From the line with "HUGO BOSS ~" to the final line of the data below, please write out every line exactly, with no pictures.

Start of DATA EXTRACT

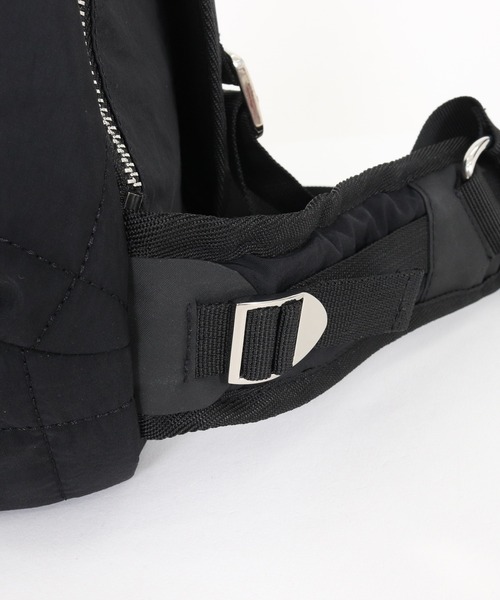 ADAM PATEK(アダムパテック)の「【RES】【ADAMPATEK】square quilt sling bag(ボディバッグ/ウエストポーチ・メンズ・グレー/ブラック・FREE)」の14枚目の写真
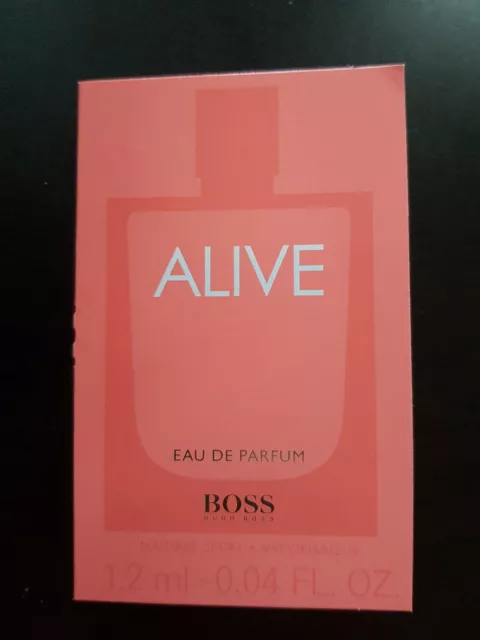HUGO BOSS ~ ALIVE ~ Eau de Parfum Probe NEU/OVP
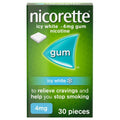 Nicorette Gum 4mg  30 Icy White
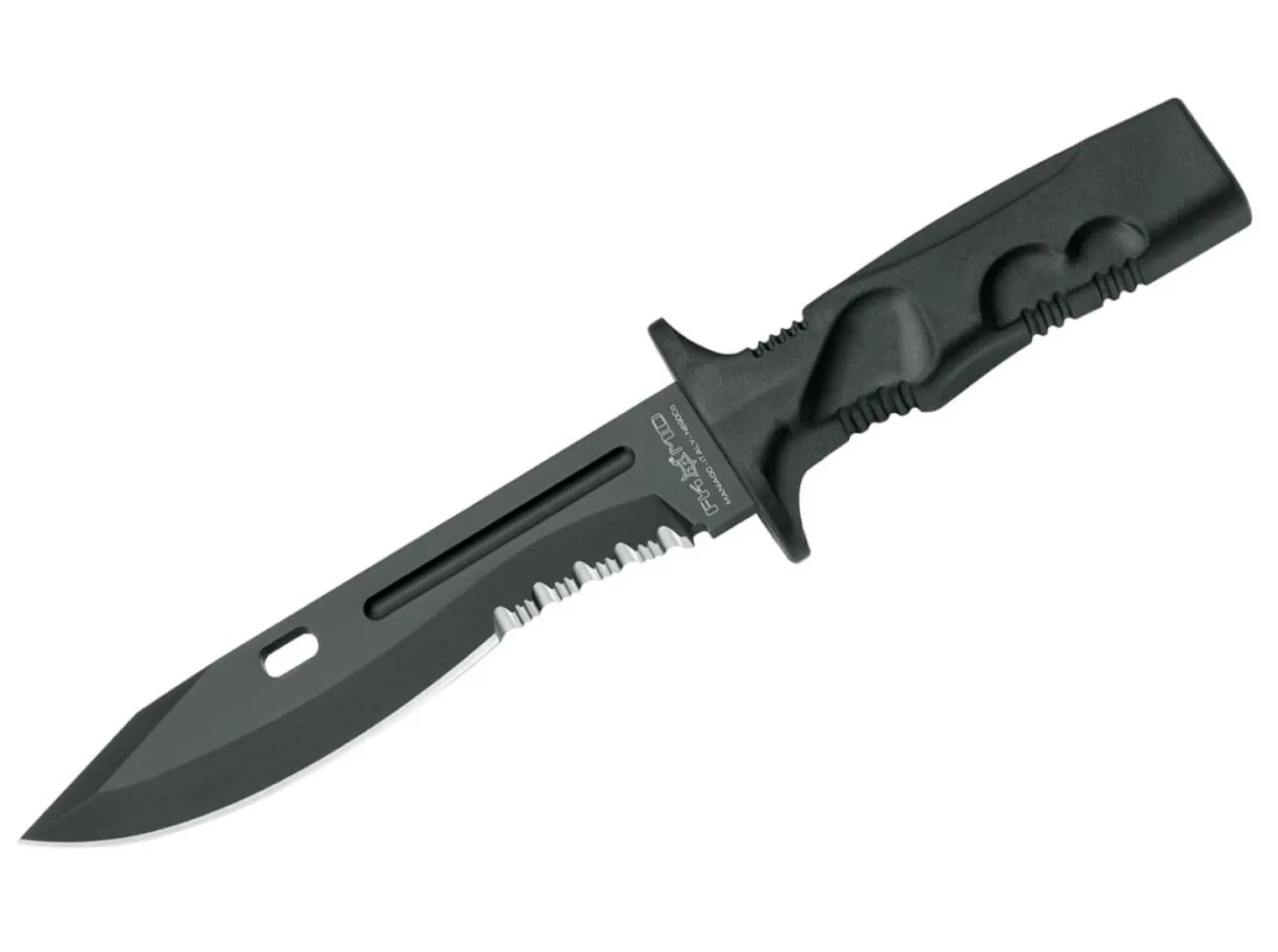 Outlet Combat Survival Knife Leonida Black Einsatzmesser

End of DATA EXTRACT

> _TASK ANSWER_
HUGO BOSS ~ ALIVE ~ Eau de Parfum Probe NEU/OVP
 Nicorette Gum 4mg  30 Icy White
 Outlet Combat Survival Knife Leonida Black Einsatzmesser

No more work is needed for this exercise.